Apk is a zip file (kinda)
$ unzip app.apk
Java / Dalvik bytecode
- Cannot be run by processor.
- Can be run by VM (JVM/DVM).
- DVM: code that your processor can run, takes Dalvik bytecode as input and executes intended behaviour.
- We use virtual machine so that the same code can run across multiple devices / architectures (DVM is custom).
- There is on security benefit to having a virtual machine.
Dalvik bytecode verifier
- Checks if the bytecode is well-formed.
- Dalvik is easy to disassemble.
- Therefore bad for the bad guys.
What can bad guys do then?
- You can still obfuscate (Reflection).
- You can also load code dynamically.
- Or use native code (no such thing as native code verifier, Google NaCl doesn't apply).
Dalvik bytecode
- Knows about OO concepts.
- Dest-to-src syntax.
- Types: V void, B byte, S short, C char, I int, Z boolean.
- Classes: L<fullyqualifiedclassname> (ex.: Landroid.content.Intent;).
- The bytecode is nicely split in "methods" (.smali files).
- Dalvik is register-based.
- Each method has its own register "frame".
- Methods' args are placed in the last registers of the frame.

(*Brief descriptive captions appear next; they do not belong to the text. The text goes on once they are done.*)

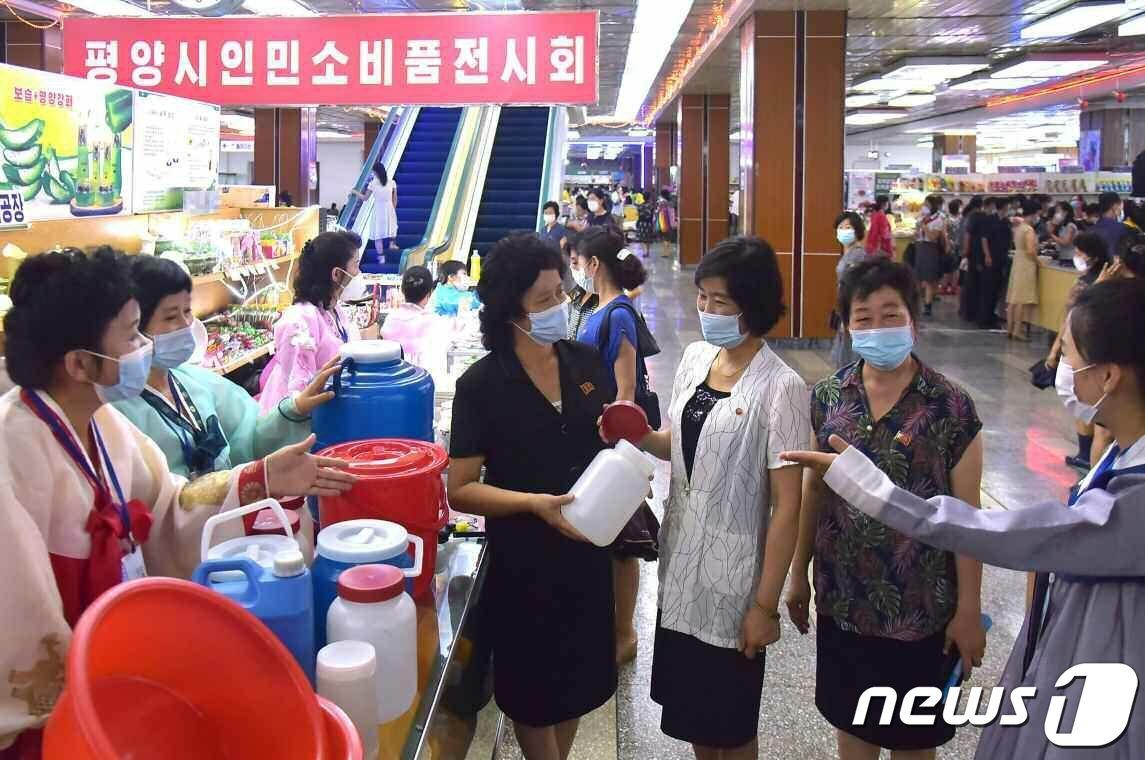 본문 이미지 - (평양 노동신문=뉴스1) = 북한 노동당 기관지 노동신문은 3일 자 보도에서 평양에서 인민소비품(공산품) 전시회가 열렸다고 전했다. [국내에서만 사용가능. 재배포 금지. DB 금지. For Use Only in the Republic of Korea. Redistribution Prohibited] rodongphoto@news1.kr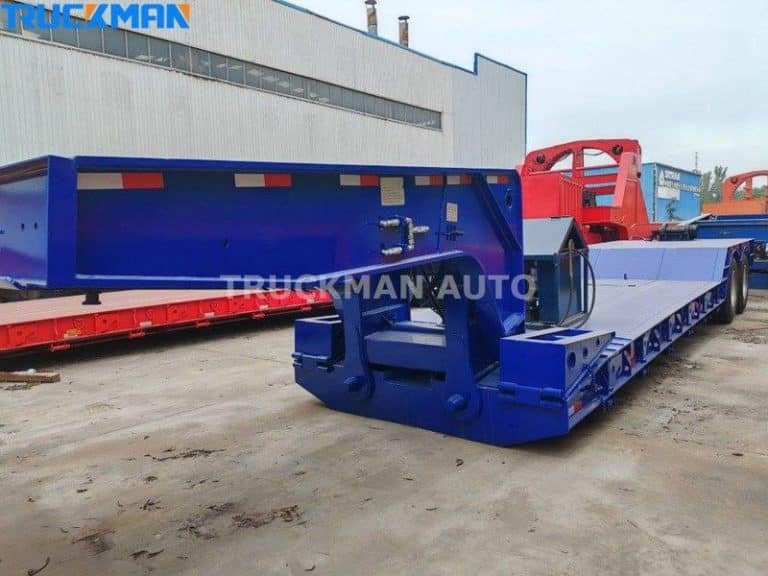 Semi-remorque surbaissée bleue, pouvant être présentée avec sa ridelle et son tube en col de cygne, construction robuste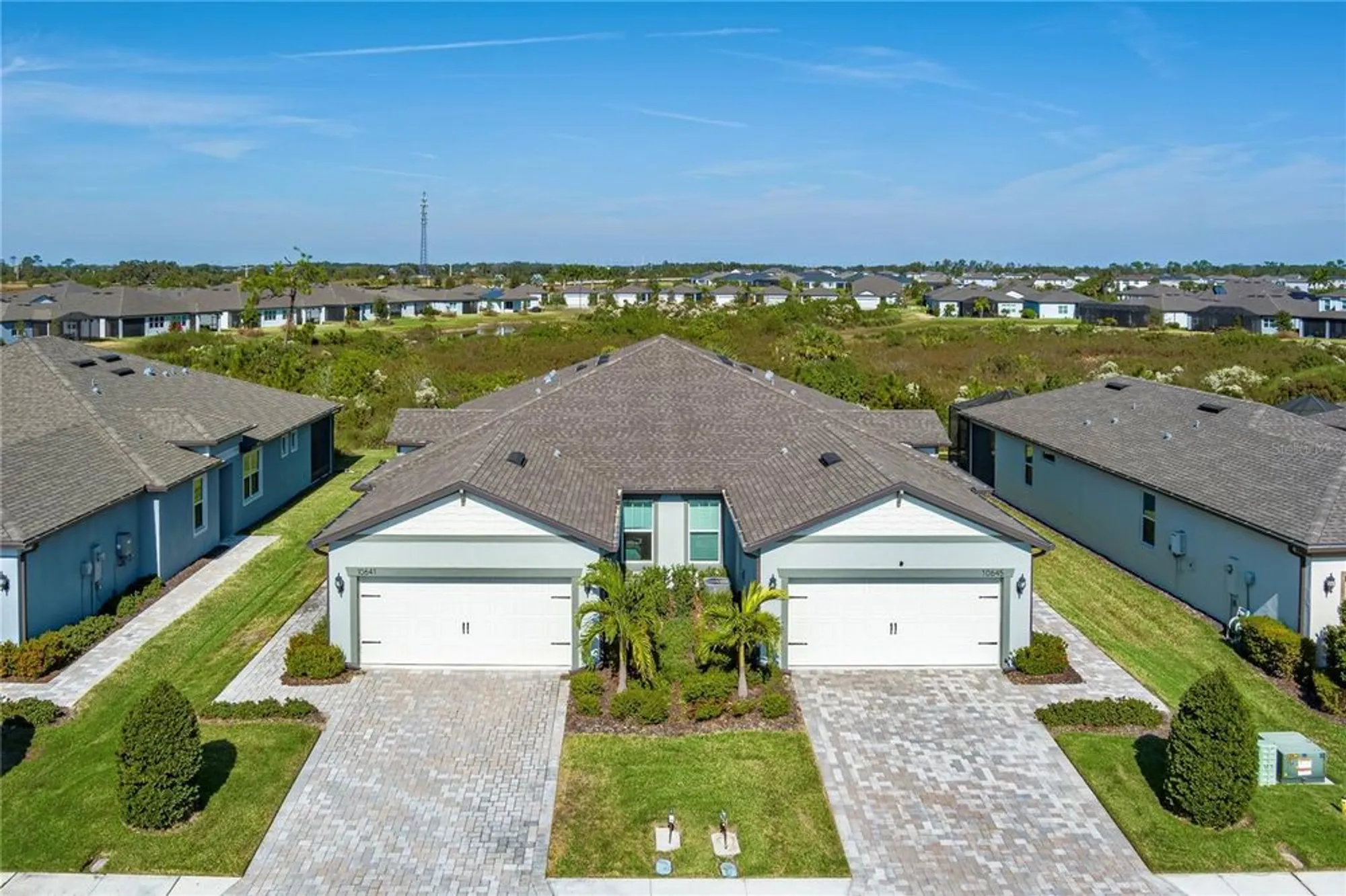 Property Slideshow image 31 of 40 | 10641 spring tide way, Parrish, FL, 34219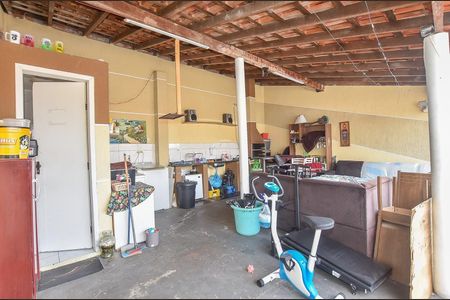 3_photo/94dcfb4305.7c2ae8445402a222-ATLAS-2b259fdf-e6be-4918-9984-6dfa049ac8a9.jpg de casa à venda com 2 quartos, 72m² em Xaxim, Curitiba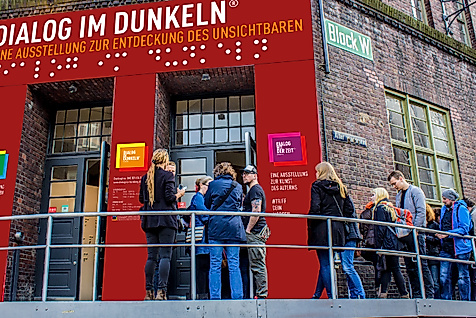 rechte-dialoghaus-hamburg-besucherschlange-aussen_neu-alle-logos-2_1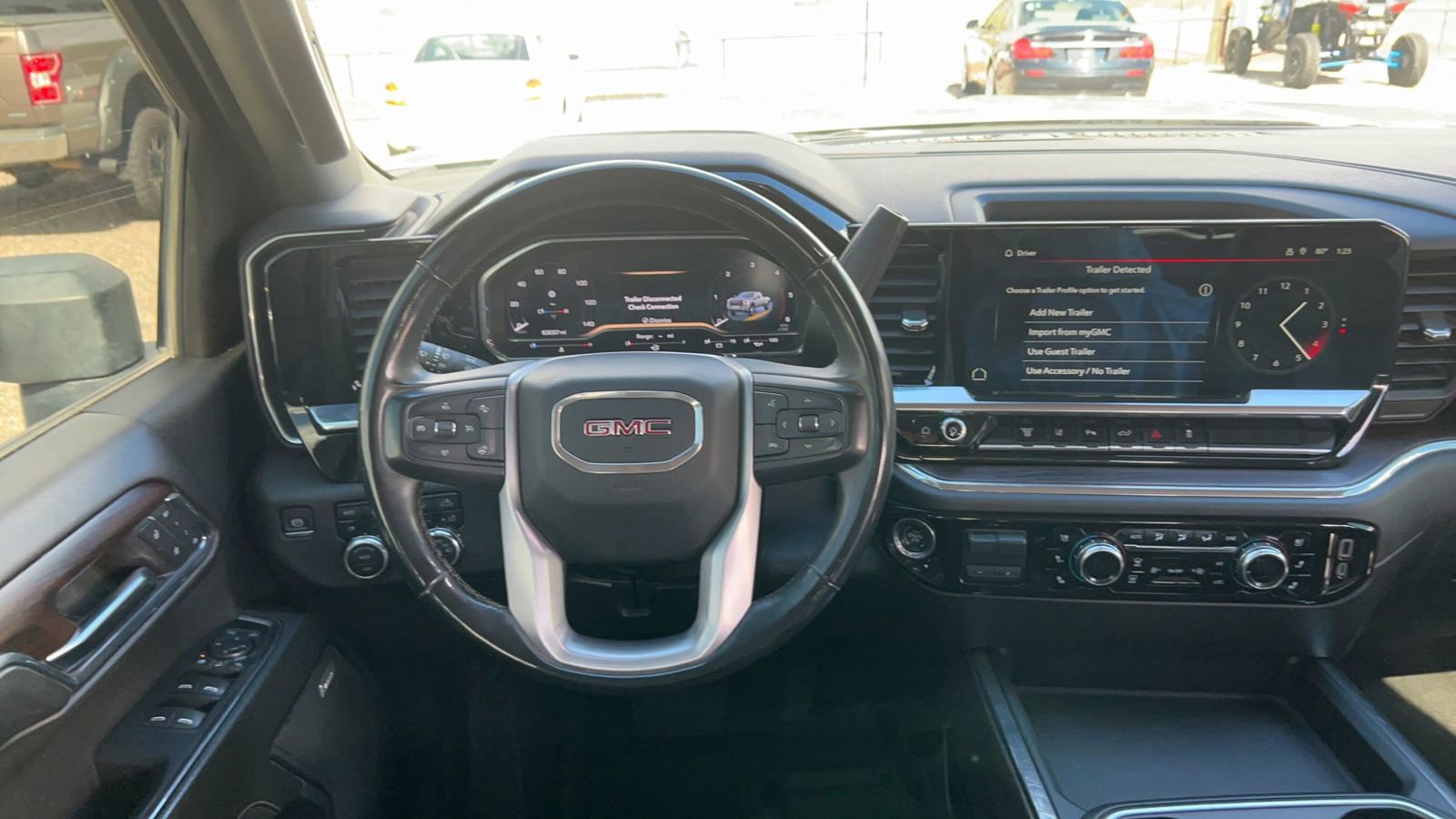 Used 2024 GMC Sierra 3500 SLT w/ SLT Premium Package image 10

- If a method is non-static, the first argument is "this".
Register frame
Consider a method s.t.
- it takes 3 arguments
- its register frame has 6 registers
The method will use
- Registers v0, v1, v2, v3, v4, v5
- Arguments are placed in v3, v4, v5
Register model
- Different from CPU registers.
- Not shared across methods.
- Can contain values and references though.
Examples
int pig(int x) {
return 2*x;
}
.method pig(I)I
.registers 3
mul-int/lit8 v0, v2, 0x2
return v0
.end method
int foo(int a, Peppa p) {
int b = p.pig(a);
return b;
}
.method foo(ILcom/mobisec/Peppa;)I
.registers 5
invoke-virtual {v4, v3}, Lcom/mobisec/Peppa;->pig(I)I
move-result v0
add-int v1, v3, v0
return v1
.end method
Dalvik instructions ~
; moving
const v5, 0x123
move v4, v5
; arithmetic
add-int v1, v3, v0
mul-int/lit8 v0, v2, 0x2
; invocation
invoke-virtual {v4, v3}, Lcom/mobisec/Peppa;->pig(I)I
invoke-static ...
invoke-{direct, super, interface} ...
; return
move-result v5
; set / get
iget, iget-object, ...
iput, iput-object, ...
sget, sput ... (for static fields)
; new object
new-instance v2, Lcom/mobisec/Peppa;
; control flow
if-ne v0, v1, :label\_a
...
:label\_a
...
goto :label\_b
; meta
filled-new-array
Which component executes Dalvik?
-
In the past (uptil Android 4.4)
- DVM, libdvm.so
- When about to execute a method, compile and run it.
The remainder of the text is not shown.